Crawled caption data
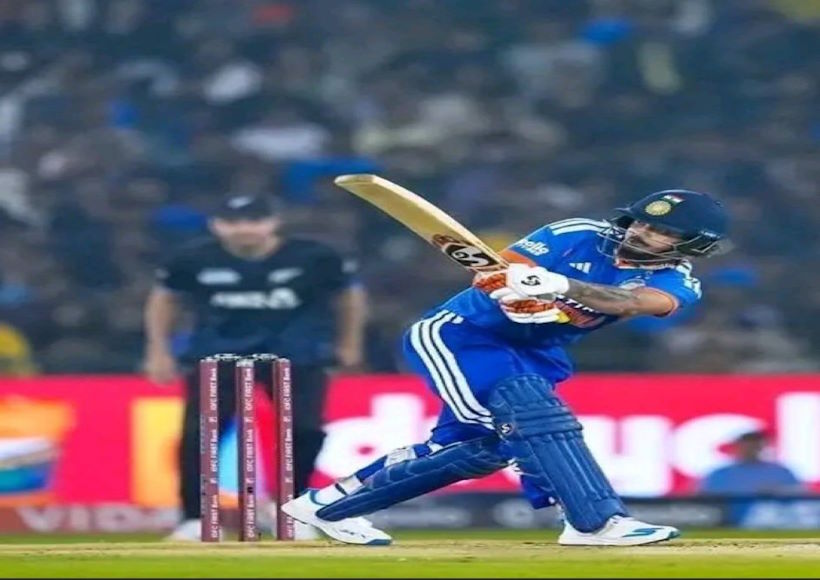 ईशान किशन (तस्वीर क्रेडिट@jyotsana51400)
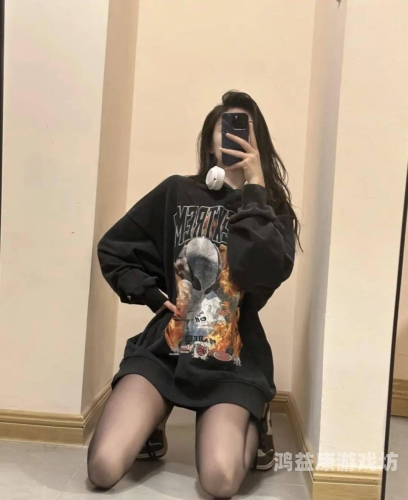 久久综合精品国产丝袜长腿中出，时尚与品质的完美结合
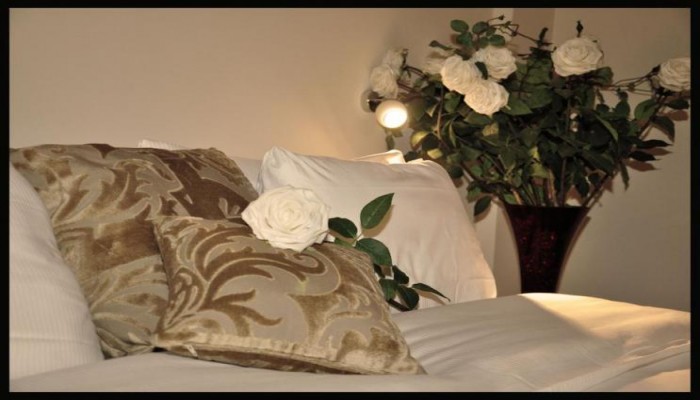 Hotel Antony poza 16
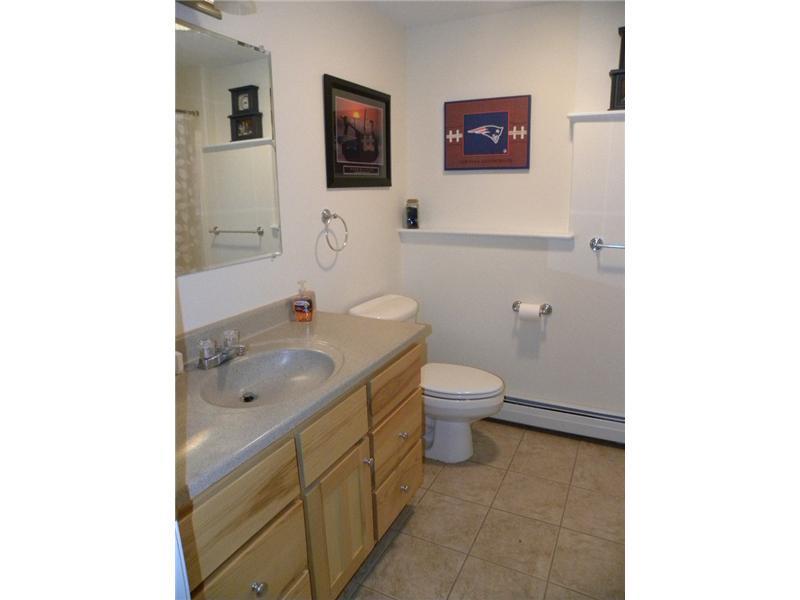 39 Edwards Road Poland, ME 04274 - Photo 29 of 35 Bathroom.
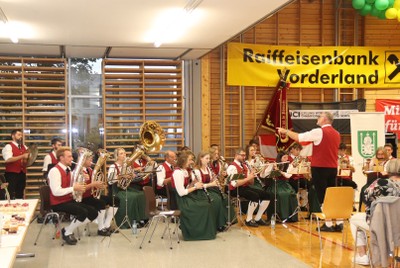 Ehrung Sulz 04.JPG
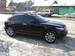 Pictures Infiniti FX35
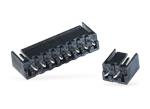 TE Connectivity / AMP Connectors Economy Power (EP) Headers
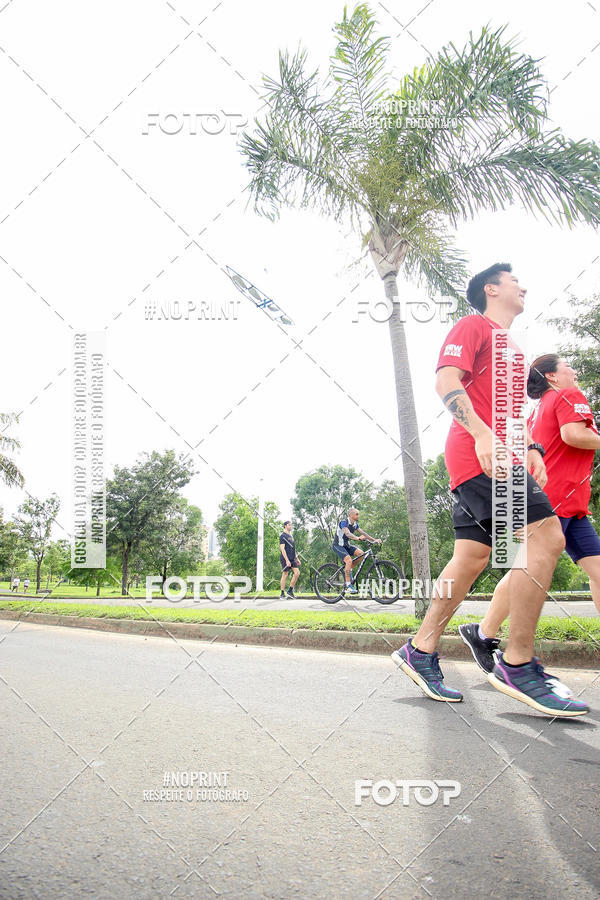 Compra tus fotos del evento25 Corrida Cidade de Indaiatuba SEW En Fotop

What the task requires
The copy should start at the line that contains "Ehrung Sulz 04.JPG", end at the last line of the entries above, and match each line exactly, with pictures dropped.

Solution
 Ehrung Sulz 04.JPG
 Pictures Infiniti FX35
 TE Connectivity / AMP Connectors Economy Power (EP) Headers
 Compra tus fotos del evento25 Corrida Cidade de Indaiatuba SEW En Fotop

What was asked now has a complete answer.